**Problem details:**
After locating the line with "3470 Candlewood Dr" in the data that follows, return it and every later line exactly, up to and including the line with "Used BMW 3 Series".

■ ■ ■

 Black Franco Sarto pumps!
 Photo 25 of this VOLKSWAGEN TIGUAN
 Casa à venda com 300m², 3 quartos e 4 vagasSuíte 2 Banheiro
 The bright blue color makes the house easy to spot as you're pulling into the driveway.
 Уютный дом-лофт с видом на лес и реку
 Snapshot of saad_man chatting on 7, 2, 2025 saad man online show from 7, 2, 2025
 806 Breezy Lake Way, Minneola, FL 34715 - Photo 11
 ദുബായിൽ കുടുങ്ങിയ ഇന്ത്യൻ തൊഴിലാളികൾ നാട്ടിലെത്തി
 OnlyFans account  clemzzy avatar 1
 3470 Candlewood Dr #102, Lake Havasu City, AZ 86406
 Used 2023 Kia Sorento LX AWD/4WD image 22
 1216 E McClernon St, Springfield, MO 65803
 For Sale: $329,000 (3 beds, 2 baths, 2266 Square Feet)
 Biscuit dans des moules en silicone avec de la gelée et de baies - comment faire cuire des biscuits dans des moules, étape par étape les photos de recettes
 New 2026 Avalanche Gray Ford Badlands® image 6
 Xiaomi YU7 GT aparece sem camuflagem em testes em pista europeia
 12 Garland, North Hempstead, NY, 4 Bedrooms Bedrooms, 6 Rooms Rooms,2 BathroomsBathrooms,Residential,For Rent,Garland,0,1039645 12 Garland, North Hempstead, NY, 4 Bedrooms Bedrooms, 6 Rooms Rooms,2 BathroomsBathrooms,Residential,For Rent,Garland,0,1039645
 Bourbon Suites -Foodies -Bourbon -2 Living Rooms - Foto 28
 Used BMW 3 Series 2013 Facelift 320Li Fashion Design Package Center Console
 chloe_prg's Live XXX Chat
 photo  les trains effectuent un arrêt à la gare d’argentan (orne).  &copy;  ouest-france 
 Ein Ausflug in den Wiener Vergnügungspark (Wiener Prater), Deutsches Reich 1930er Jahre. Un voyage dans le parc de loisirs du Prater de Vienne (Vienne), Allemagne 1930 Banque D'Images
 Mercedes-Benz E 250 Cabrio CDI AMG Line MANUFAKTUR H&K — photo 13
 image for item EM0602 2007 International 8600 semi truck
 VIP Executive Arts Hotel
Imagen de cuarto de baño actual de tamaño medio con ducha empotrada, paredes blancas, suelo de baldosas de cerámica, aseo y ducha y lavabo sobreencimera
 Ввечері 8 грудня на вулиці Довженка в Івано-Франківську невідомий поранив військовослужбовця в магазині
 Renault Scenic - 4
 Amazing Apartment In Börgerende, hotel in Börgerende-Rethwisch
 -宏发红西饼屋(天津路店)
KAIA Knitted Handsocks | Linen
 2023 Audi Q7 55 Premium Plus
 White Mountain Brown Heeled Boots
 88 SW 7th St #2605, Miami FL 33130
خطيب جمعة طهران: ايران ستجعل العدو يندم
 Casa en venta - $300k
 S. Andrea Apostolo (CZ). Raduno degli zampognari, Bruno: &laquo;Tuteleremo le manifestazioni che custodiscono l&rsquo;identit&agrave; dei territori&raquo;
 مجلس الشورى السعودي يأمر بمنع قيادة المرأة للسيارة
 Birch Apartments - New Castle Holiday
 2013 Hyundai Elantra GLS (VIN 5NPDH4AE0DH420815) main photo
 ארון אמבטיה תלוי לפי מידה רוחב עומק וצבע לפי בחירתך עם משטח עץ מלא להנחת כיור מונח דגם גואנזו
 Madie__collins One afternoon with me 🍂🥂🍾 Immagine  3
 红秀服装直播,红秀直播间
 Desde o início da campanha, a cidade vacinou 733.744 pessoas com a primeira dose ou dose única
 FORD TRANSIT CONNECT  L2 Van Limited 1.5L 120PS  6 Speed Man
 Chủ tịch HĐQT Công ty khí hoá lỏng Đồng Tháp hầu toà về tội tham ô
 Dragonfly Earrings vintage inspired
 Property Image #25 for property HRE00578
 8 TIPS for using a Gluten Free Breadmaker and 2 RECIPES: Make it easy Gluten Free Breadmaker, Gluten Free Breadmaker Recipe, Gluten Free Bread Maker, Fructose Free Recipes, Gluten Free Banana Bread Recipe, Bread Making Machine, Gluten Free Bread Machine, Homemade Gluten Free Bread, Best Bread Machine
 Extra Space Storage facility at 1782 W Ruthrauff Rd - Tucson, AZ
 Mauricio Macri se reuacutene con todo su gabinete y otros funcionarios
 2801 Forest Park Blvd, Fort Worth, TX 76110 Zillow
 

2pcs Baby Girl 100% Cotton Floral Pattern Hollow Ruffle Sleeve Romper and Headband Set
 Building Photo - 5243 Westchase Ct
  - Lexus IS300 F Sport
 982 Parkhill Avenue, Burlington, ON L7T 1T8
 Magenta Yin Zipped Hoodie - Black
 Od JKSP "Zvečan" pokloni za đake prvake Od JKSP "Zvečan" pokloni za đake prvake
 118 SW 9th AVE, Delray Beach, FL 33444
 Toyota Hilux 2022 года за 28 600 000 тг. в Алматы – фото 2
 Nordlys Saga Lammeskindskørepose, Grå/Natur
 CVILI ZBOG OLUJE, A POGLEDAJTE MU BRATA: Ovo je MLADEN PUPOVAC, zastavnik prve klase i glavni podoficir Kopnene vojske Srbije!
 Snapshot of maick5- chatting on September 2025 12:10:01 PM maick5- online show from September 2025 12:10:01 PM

■ ■ ■

**Answer space:**
 3470 Candlewood Dr #102, Lake Havasu City, AZ 86406
 Used 2023 Kia Sorento LX AWD/4WD image 22
 1216 E McClernon St, Springfield, MO 65803
 For Sale: $329,000 (3 beds, 2 baths, 2266 Square Feet)
 Biscuit dans des moules en silicone avec de la gelée et de baies - comment faire cuire des biscuits dans des moules, étape par étape les photos de recettes
 New 2026 Avalanche Gray Ford Badlands® image 6
 Xiaomi YU7 GT aparece sem camuflagem em testes em pista europeia
 12 Garland, North Hempstead, NY, 4 Bedrooms Bedrooms, 6 Rooms Rooms,2 BathroomsBathrooms,Residential,For Rent,Garland,0,1039645 12 Garland, North Hempstead, NY, 4 Bedrooms Bedrooms, 6 Rooms Rooms,2 BathroomsBathrooms,Residential,For Rent,Garland,0,1039645
 Bourbon Suites -Foodies -Bourbon -2 Living Rooms - Foto 28
 Used BMW 3 Series 2013 Facelift 320Li Fashion Design Package Center Console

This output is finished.